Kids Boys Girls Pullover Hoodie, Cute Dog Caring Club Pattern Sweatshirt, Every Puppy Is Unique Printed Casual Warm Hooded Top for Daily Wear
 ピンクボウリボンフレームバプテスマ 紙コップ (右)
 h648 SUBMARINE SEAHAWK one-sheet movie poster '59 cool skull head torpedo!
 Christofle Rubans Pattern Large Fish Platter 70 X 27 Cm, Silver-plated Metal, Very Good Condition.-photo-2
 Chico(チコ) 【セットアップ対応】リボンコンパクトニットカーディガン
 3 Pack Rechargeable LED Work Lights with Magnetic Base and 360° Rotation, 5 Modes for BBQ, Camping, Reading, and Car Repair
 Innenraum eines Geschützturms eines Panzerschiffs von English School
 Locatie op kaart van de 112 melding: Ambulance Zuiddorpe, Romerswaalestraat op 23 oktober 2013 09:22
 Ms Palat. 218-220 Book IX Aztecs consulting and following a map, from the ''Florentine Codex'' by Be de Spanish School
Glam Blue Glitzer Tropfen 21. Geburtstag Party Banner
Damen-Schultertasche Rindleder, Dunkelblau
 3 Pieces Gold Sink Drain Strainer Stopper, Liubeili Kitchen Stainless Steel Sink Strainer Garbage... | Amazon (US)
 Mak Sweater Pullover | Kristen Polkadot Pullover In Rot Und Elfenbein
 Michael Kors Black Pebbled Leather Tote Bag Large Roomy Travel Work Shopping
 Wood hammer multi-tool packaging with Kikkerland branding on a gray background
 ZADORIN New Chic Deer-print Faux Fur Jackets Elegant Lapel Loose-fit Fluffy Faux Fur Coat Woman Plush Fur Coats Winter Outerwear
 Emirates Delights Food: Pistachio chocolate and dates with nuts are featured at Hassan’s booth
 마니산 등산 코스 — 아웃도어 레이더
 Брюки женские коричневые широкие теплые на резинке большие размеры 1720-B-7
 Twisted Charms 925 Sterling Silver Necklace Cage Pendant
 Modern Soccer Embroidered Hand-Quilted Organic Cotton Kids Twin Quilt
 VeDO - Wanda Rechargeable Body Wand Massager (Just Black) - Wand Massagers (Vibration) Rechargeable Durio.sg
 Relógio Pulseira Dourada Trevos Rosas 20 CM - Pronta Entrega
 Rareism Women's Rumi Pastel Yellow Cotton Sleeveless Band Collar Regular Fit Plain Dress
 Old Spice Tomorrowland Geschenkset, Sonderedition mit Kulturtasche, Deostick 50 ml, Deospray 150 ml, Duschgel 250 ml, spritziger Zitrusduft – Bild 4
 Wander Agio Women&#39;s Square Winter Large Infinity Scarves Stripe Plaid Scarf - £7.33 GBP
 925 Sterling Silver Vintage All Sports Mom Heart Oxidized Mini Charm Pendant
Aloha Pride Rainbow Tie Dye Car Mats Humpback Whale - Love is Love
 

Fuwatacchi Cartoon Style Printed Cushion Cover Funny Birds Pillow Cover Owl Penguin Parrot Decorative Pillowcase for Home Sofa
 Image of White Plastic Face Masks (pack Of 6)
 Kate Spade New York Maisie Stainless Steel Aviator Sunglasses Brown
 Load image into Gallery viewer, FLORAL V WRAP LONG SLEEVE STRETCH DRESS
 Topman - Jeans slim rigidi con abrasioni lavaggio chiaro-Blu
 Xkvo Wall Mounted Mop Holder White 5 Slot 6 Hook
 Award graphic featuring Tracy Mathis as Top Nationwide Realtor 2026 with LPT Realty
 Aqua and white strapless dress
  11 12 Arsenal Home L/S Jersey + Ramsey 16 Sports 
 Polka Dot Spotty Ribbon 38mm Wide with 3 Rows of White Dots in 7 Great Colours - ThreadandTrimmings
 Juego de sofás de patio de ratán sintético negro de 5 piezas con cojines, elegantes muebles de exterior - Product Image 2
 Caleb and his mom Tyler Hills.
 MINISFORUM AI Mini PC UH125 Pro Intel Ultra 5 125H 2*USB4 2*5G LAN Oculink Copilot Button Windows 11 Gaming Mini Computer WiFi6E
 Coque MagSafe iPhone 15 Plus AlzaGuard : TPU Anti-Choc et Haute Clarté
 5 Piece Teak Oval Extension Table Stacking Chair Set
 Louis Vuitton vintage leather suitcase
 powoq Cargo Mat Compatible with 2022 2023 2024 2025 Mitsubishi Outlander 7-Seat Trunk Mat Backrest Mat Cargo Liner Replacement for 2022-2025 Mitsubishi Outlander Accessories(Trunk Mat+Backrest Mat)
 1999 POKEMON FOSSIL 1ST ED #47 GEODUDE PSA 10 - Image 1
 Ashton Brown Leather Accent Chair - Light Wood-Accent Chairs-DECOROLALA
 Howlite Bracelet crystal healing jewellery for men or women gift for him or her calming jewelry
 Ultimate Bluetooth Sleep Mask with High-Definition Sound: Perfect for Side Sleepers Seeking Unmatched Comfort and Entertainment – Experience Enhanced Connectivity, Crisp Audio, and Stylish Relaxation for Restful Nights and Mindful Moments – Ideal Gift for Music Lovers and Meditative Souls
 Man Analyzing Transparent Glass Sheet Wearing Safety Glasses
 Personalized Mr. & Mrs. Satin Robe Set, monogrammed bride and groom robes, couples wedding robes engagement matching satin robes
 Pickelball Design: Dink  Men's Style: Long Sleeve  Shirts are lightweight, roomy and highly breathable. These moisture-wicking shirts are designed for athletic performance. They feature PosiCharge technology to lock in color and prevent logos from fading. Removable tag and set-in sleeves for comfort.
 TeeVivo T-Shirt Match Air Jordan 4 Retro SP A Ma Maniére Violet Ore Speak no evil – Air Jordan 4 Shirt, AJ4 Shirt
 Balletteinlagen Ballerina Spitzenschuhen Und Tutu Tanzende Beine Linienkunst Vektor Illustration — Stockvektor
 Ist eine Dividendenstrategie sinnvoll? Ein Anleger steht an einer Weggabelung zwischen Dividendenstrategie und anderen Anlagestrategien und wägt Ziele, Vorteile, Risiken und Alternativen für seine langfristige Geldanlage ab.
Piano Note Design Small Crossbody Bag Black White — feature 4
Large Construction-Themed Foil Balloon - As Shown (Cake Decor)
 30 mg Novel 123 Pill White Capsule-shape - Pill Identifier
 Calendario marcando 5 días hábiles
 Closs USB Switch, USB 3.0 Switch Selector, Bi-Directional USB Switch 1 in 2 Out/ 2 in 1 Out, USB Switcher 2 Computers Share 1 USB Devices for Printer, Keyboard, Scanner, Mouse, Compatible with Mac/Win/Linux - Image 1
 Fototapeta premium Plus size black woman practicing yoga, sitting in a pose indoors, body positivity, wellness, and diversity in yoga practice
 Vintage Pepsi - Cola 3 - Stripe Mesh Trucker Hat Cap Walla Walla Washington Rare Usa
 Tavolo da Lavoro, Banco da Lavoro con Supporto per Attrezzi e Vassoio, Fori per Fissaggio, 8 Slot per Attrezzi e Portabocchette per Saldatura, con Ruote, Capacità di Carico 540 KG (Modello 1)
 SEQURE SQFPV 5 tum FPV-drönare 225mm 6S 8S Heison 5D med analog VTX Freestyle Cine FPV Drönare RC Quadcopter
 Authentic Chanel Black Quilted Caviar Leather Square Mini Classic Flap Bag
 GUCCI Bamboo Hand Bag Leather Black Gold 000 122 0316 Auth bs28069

> _Exercise directions_:
Give again exactly, and only, the lines above starting at the one with "11 12 Arsenal" and ending at the one with "Ashton Brown Leather".

> _Solution to this problem_:
  11 12 Arsenal Home L/S Jersey + Ramsey 16 Sports 
 Polka Dot Spotty Ribbon 38mm Wide with 3 Rows of White Dots in 7 Great Colours - ThreadandTrimmings
 Juego de sofás de patio de ratán sintético negro de 5 piezas con cojines, elegantes muebles de exterior - Product Image 2
 Caleb and his mom Tyler Hills.
 MINISFORUM AI Mini PC UH125 Pro Intel Ultra 5 125H 2*USB4 2*5G LAN Oculink Copilot Button Windows 11 Gaming Mini Computer WiFi6E
 Coque MagSafe iPhone 15 Plus AlzaGuard : TPU Anti-Choc et Haute Clarté
 5 Piece Teak Oval Extension Table Stacking Chair Set
 Louis Vuitton vintage leather suitcase
 powoq Cargo Mat Compatible with 2022 2023 2024 2025 Mitsubishi Outlander 7-Seat Trunk Mat Backrest Mat Cargo Liner Replacement for 2022-2025 Mitsubishi Outlander Accessories(Trunk Mat+Backrest Mat)
 1999 POKEMON FOSSIL 1ST ED #47 GEODUDE PSA 10 - Image 1
 Ashton Brown Leather Accent Chair - Light Wood-Accent Chairs-DECOROLALA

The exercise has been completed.